Return the following lines and nothing else: the one holding "Porte-Queue de Billard" and all those after it in the records below, unchanged, minus any pictures.
---------- Source data ----------
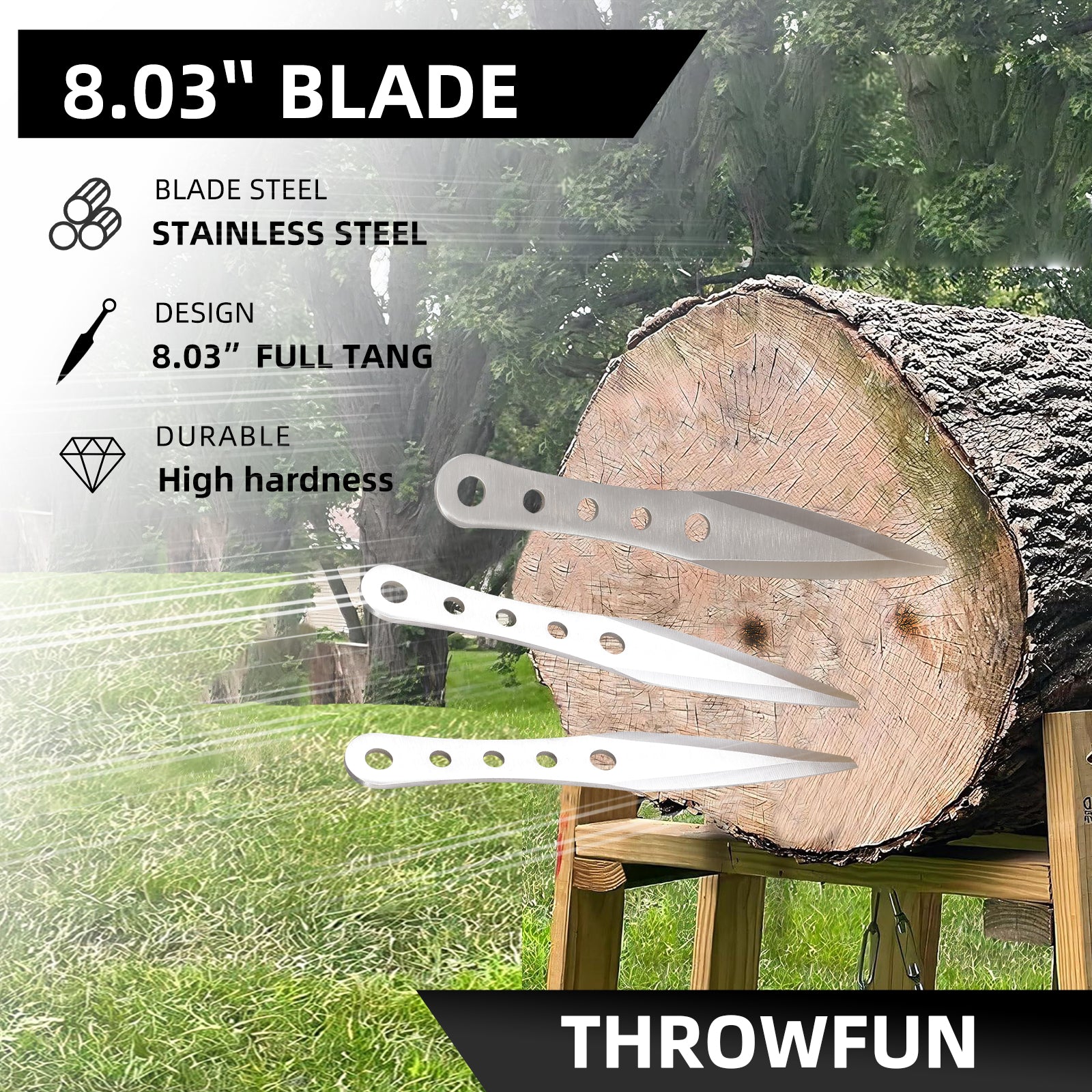 THROWFUN 4/8 Pack 9Cr17 stainless steel- 8.03''(length) 0.12''(thick) , throwing knives set  Full-Tang Throwing Set, with Nylon Sheath for Competition and Recreation Silvery Darts-FB-YF018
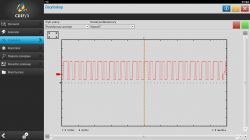 Widok ekranu oscyloskopu z przebiegiem sygnału CAN.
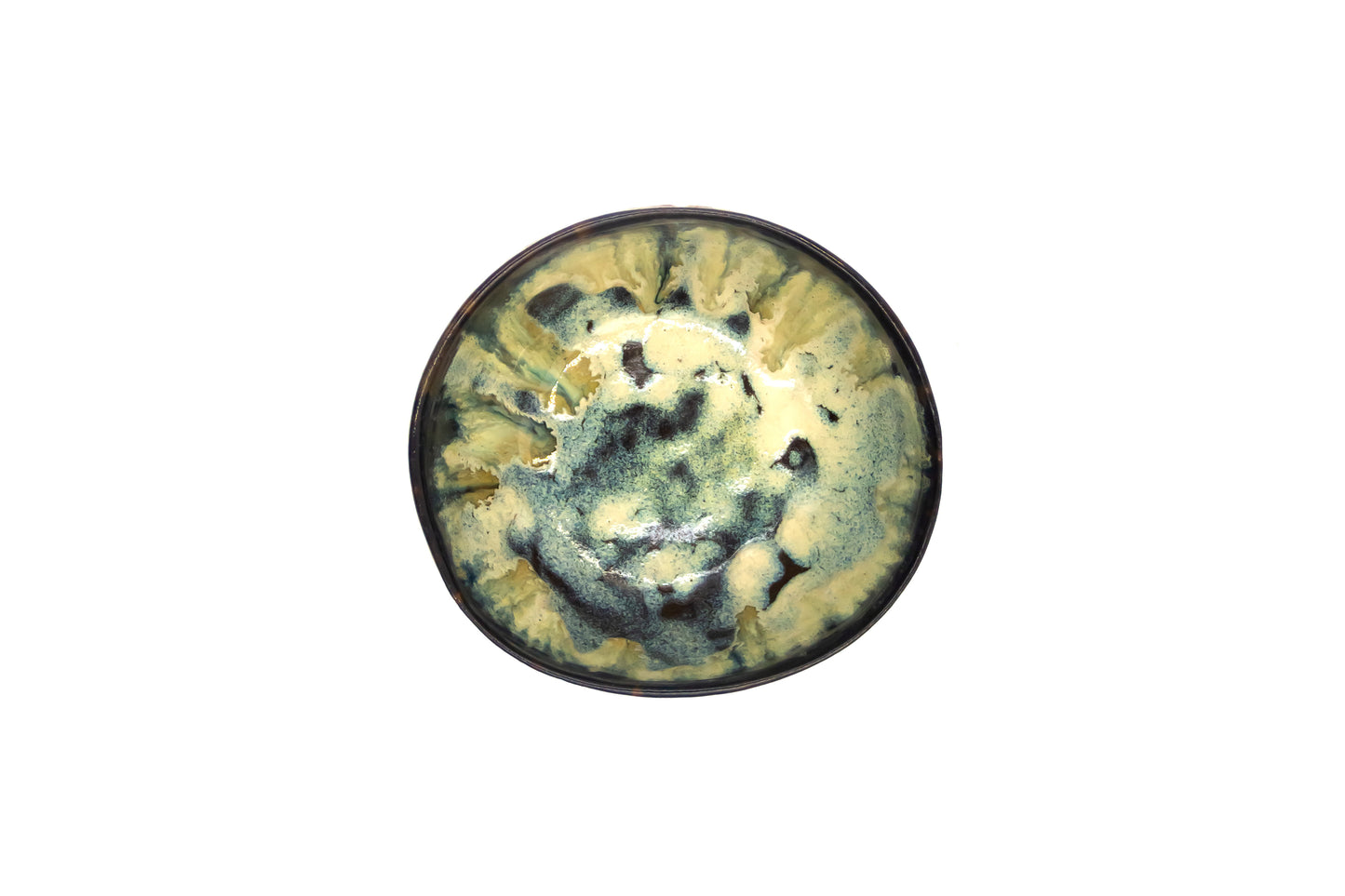 Miska ceramiczna w kolorze brązowo-zielonym z białymi płamkami ze spodkiem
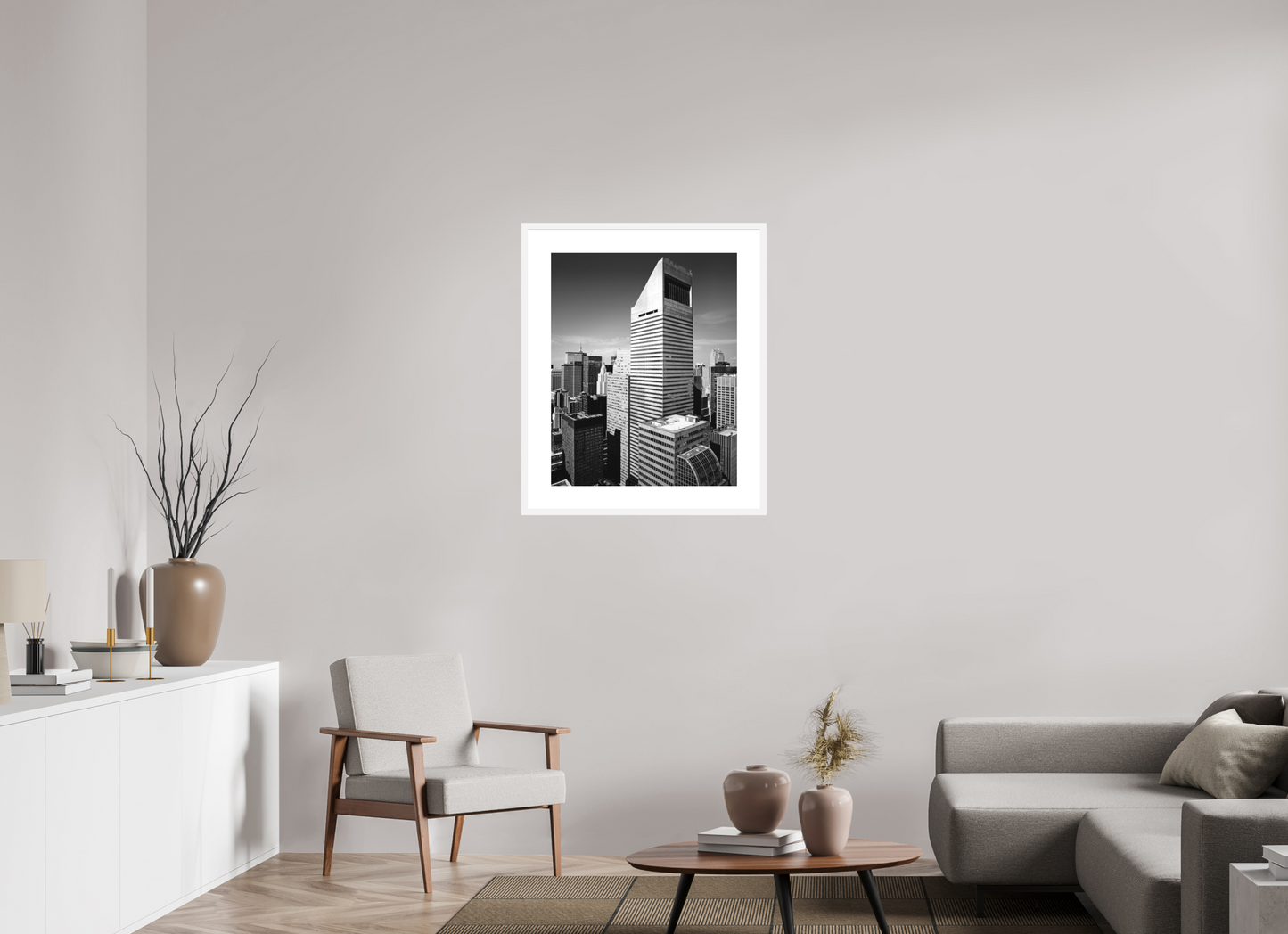 24 x 30″, Solid 0.8" White Wood Frame With 3" Natural White Passe-Partout with Museum Glass Citigroup Tower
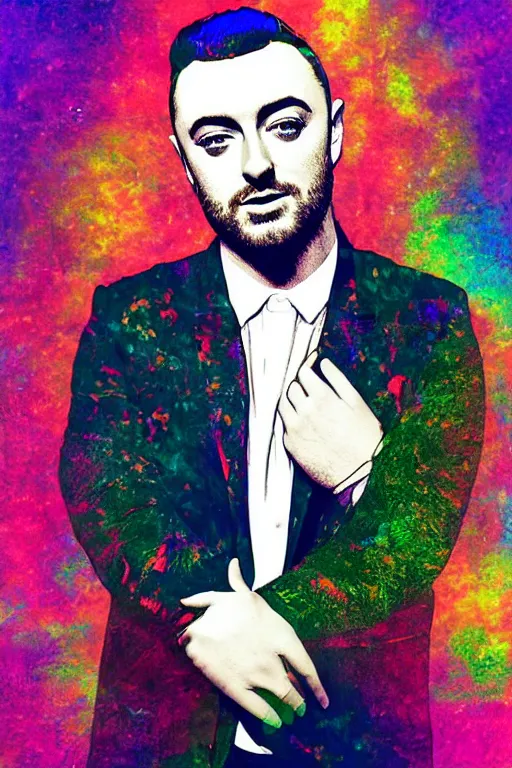 Prompt: inspirational style hope poster of sam smith with beard, psychedelic colors, highly detailed, realistic, loving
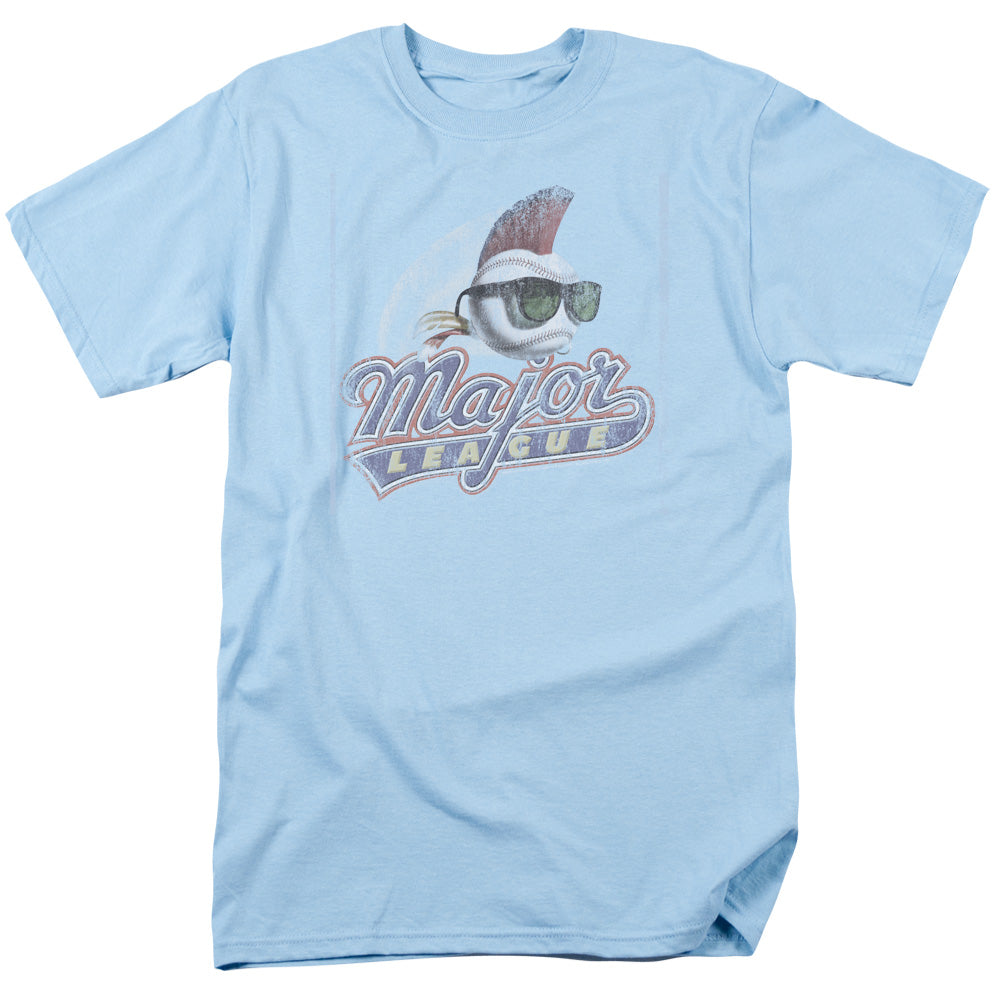 MAJOR LEAGUE/DISTRESSED LOGO - S/S ADULT 18/1 - LIGHT BLUE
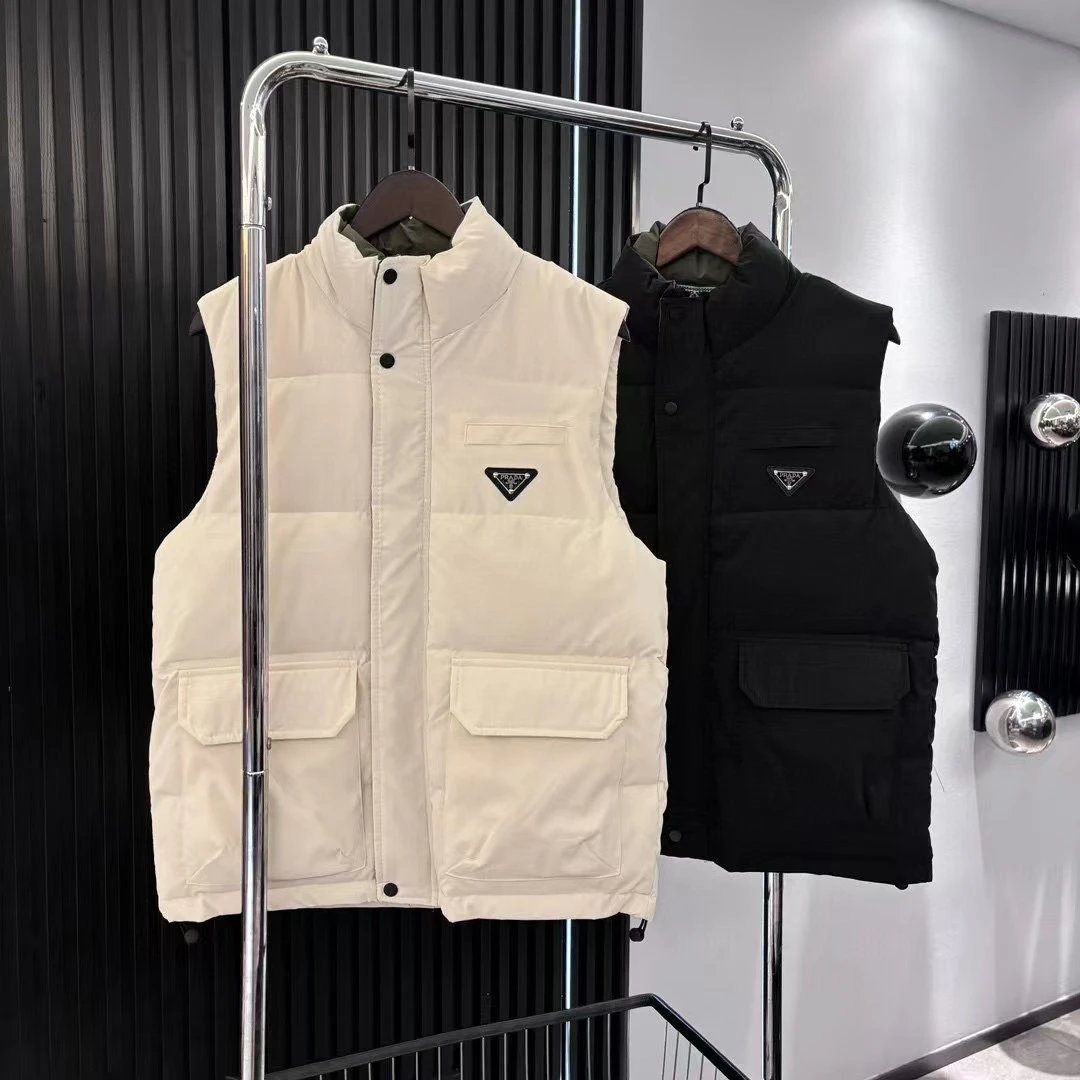 Autumn Winter Stand Collar PU Puffer Vest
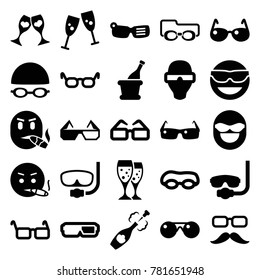 Glasses icons. set of 25 editable filled glasses icons such as glasses, smoking emot, underwater mask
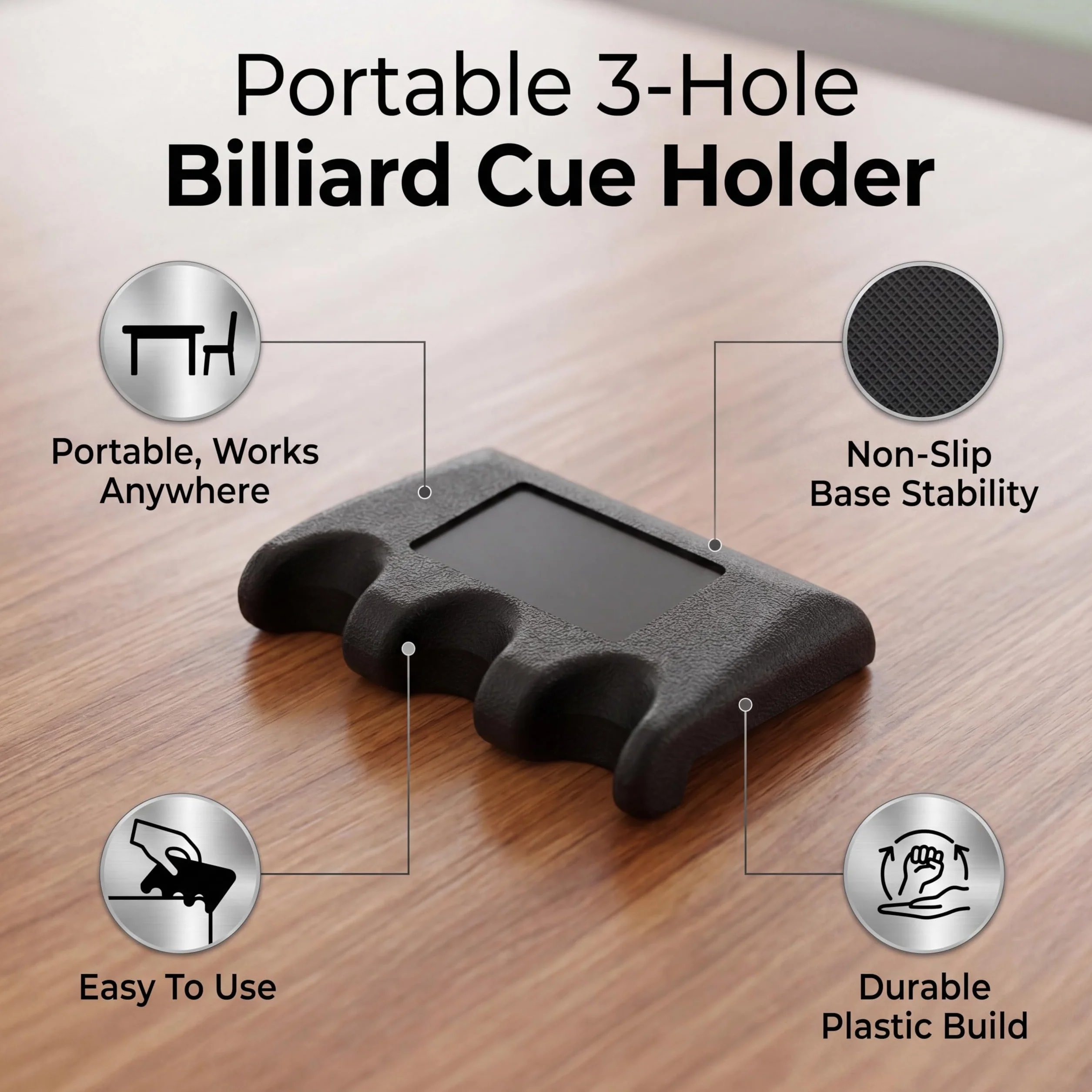 Porte-Queue de Billard 3 Trous, Support Stable Antidérapant Portable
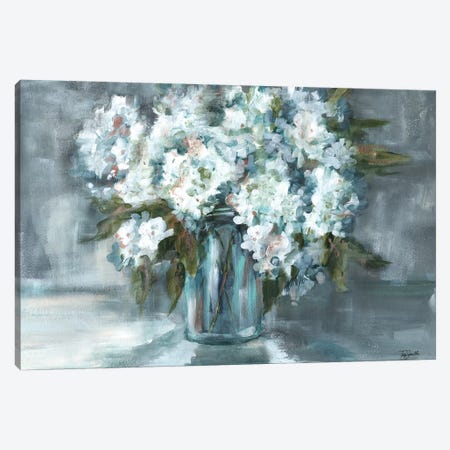 White Hydrangeas on Gray Landscape Canvas Print #TSS123} by Tre Sorelle Studios Canvas Artwork
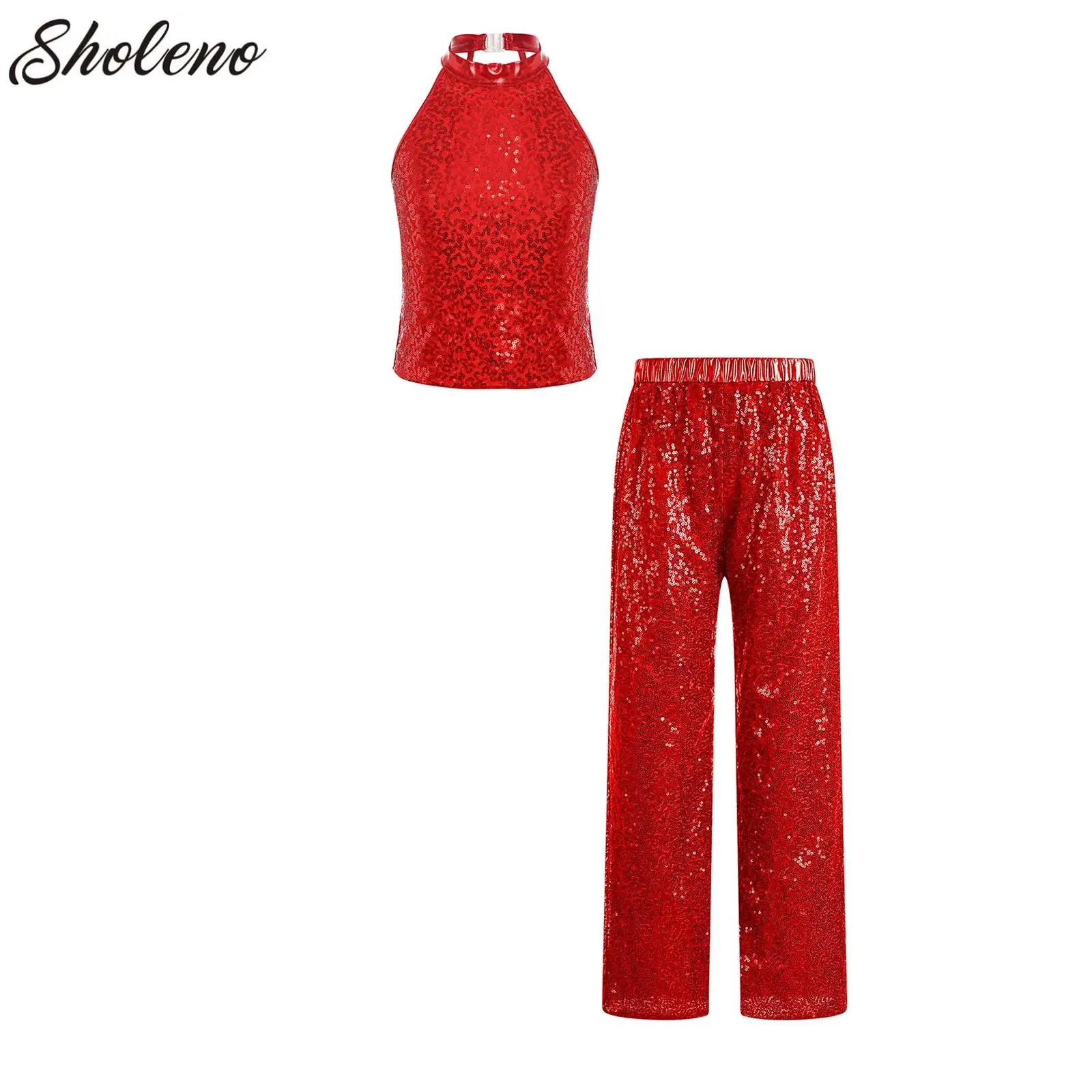 

Girls Jazz Dance Stage Costumes Hip-hop Dancing Girls Cheerleading Rehearsal Costumes Shiny Gymnastics Performance Outfits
----------
* **Response**
 Porte-Queue de Billard 3 Trous, Support Stable Antidérapant Portable
 White Hydrangeas on Gray Landscape Canvas Print #TSS123} by Tre Sorelle Studios Canvas Artwork

Girls Jazz Dance Stage Costumes Hip-hop Dancing Girls Cheerleading Rehearsal Costumes Shiny Gymnastics Performance Outfits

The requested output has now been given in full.